A republican reader might also help us to tease apart the fierce hostility between two of contemporary (anti-)Republican’s icons: Edmund Burke, on the one hand, and Thomas Paine, on the other. Paine it might be recalled was tried and convicted in abstentia for his attacks on Edmund Burke, and yet both the outspoken critic and the defender of the French Revolution enjoy beatification among contemporary (anti-)Republicans. How can that be? The answer, actually, is not too difficult to grasp. What contemporary (anti-)Republicans like about Paine is his least republican quality, his advocacy of democratic institutions, not his fierce opposition to private wealth (which they conveniently overlook). Here they turn to Burke’s defense of private wealth and privilege, which, again, is a most unrepublican trait. Finally, Paine’s opposition to the federalists seals the deal, so to speak. For, when the federalists met in Philadelphia to hammer out (the second) US Constitution, the hall was virtually emptied of any but the most withering anti-federalist opinion.

Edmund Burke
Edmund Burke

Landed wealth’s party in Philadelphia was represented by the southern delegates who only conceded federalism reluctantly and even then only in exchange for the noxious 3/5ths clause, which allowed them, for purposes of representation, to count their property (their slaves) within the formula for representation in the House. Obviously by 1861 this compromise no longer satisfied the interests of landed wealth in the south. In the balance, however, Paine’s defense of state’s rights, of local and state over central government, explains his attraction for contemporary (anti-)Republicans. Whether Paine recognized at the time that this made him a defender of landed southern wealth and slavery is unclear. What is clear is that the wedding contemporary (anti-)Republicans have forged between Paine and Burke, the common thread that holds them together, however tenuously, is their hostility to “the wealth we hold in common,” the commonwealth, or res publica.

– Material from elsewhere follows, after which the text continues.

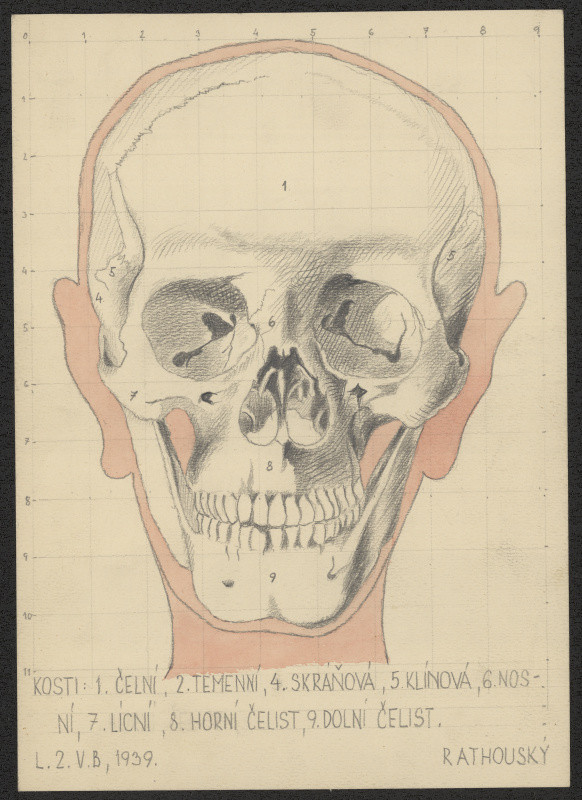 Jiří Rathouský - studie lebky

No one (I think) would mistake the elitism of Ayn Rand or the free market ideology of Friedrich von Hayek or Milton Friedman for the republicanism of Aristotle, Rousseau, Hamilton, Hegel, Lincoln or Roosevelt. Those who today take the name of “Republican” embrace an ideology diametrically opposed to historical republicanism, which, of course, assuming they have any interest in it, they vehemently oppose. (No one is lining up today to praise Teddy Roosevelt’s national parks or Abe Lincoln’s expansion of voting rights.) It is after all, just a name. Institutionally, however, the Republican Party stands in opposition to everything historical republicanism affirms, beginning with “the wealth we hold in common.” However, it does not end there. Where historical republicanism was hostile to political power resting on private wealth — hostile, that is, to monarch and nobility — the Republican Party defends the political right of private wealth. In this, its lineage to Edmund Burke, the fierce opponent of republicanism, is much clearer. Likewise, their fondness for Ayn Rand and for her elitism is diametrically opposed to  republican values and institutions. (Yes to meritocracy; no to plutocracy.)

Nevertheless, it is not too difficult to trace the connection between the one and the other. Against all historical and empirical evidence, von Hayek and Friedman came to be convinced that by eliminating all social and institutional constraints on capital, communities would unbind the decision-making powers of consumers/citizens. Poor historians all, these free market fundamentalists completely overlooked the vast institutional, legal, and social framework that beginning in the fourteenth century imposed markets on Europeans. They also conveniently ignored the reams of transcripts from the US Constitutional convention and hundreds of shelves of books devoted to those transcripts showing how thoroughly federalist and republican was the “original intent” of the US Constitution. Instead, turning a blind eye to all historical evidence, they seized upon the attractive romantic fiction that freedom is composed by the absence of constraint. Liberate markets and freedom will prevail. This, of course, was also the ideology of southern landowners who deeply disliked sending their hard-earned capital upstream to Philadelphia or New York to support res publica. Indeed, were it not for their fears that northerners would not honor their property rights and contracts and would not muster militias to help put down slave uprisings, there is little question but that southern landholders had no interest in supporting public institutions at all. The absence of constraint would have served them quite well. Von Hayek, Friedman, and Rand are useful tools of private, not public wealth, because they defend a notion of freedom hostile to institutional constraints. Otherwise, one cannot imagine any thinkers more hostile to republicanism than von Hayek, Friedman, or Rand.

As a final note, if we cast a glance back on our three maps, we will note that this wedding of Paine and Burke holds the key to grasping their significance: angry, poor, white men affiliating with landed gentry who promise to protect them from an overreaching central government. What the landed wealthy neglected to tell the angry, poor, white men is that they have no intention whatsoever in sharing their wealth. They are actually both anti-republicans and anti-democrats. Paine for them is simply a useful fiction, again.